I remember, as the youngest son of an immigrant family, having picnics in NOTL parks and along the beautiful Niagara Parkway.
My brothers and I would play catch with a baseball or toss around a football or a Frisbeee. When I became a teenager, I enjoyed the parks with friends and used a hibachi or the park barbecues to whip up some burgers or sausage.
As an adult, with a young family, I introduced my children to the beautiful Niagara River landscape and would end the day with an ice cream cone from one of the many stores in NOTL’s Old Town.
My parents and other family members loved bringing us to this area for picnics and fellowship on weekends. My dad and his friends would play dominoes on a picnic table while mom and the ladies would present us with delicious prepared side dishes and desserts to be enjoyed with food cooked over the barbecue.
I can’t tell you how grateful I was to live in a country with such beautiful vistas and encouraged its visitors and guests to take it all in.
Having a barbecue and a few drinks throughout the day was never looked as being intrusive.

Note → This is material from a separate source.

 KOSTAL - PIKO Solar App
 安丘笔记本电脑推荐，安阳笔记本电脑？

I am not condoning drunkenness or rowdy and reckless behaviour. I’m sure that incidents such as these are mitigated by the public complaints to bylaw enforcement and are handled expeditiously.

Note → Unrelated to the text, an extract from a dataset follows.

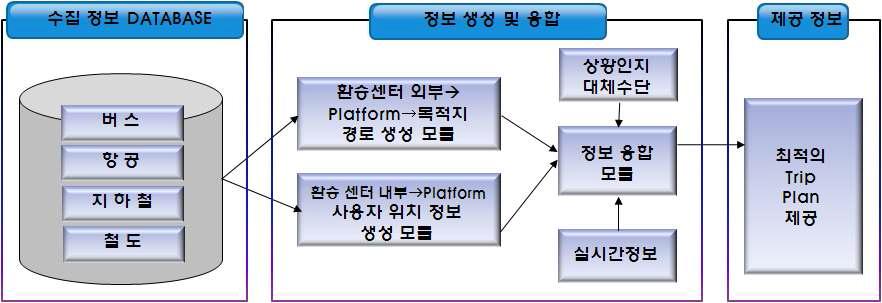 환승센터 내/외부 정보 융합 및 가공을 통한 Trip Plan 제공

Are complaints of excessive smoke and a backlash against physical activity overtaxing the bylaw enforcement system already in place? Erecting a small tent or shelter throughout the day to shade young children or older adults from extreme heat or rainfall should not be seen as bylaw infraction.
As a retiree, I’ve made NOTL my home and have always thought of this area as being “inclusive” and inviting. I walk throughout NOTL and along its majestic trails daily and have not experienced any of the incidents that this bylaw seeks to prevent.
In the absence of extremely dry conditions, small barbecue fires are not a problem. I’m sure that our local fire prevention bureau can tell you that the incidence of out-of-control, unattended barbecue fires don’t justify such punishing actions.
Thus, my surprise reading that our lord mayor and council had passed a draconian bylaw prohibiting activities that were a staple to enjoying a day out along the Niagara Parkway in my earlier years. If there was a public outcry against such activities I’m sure that most locals would have been aware of it.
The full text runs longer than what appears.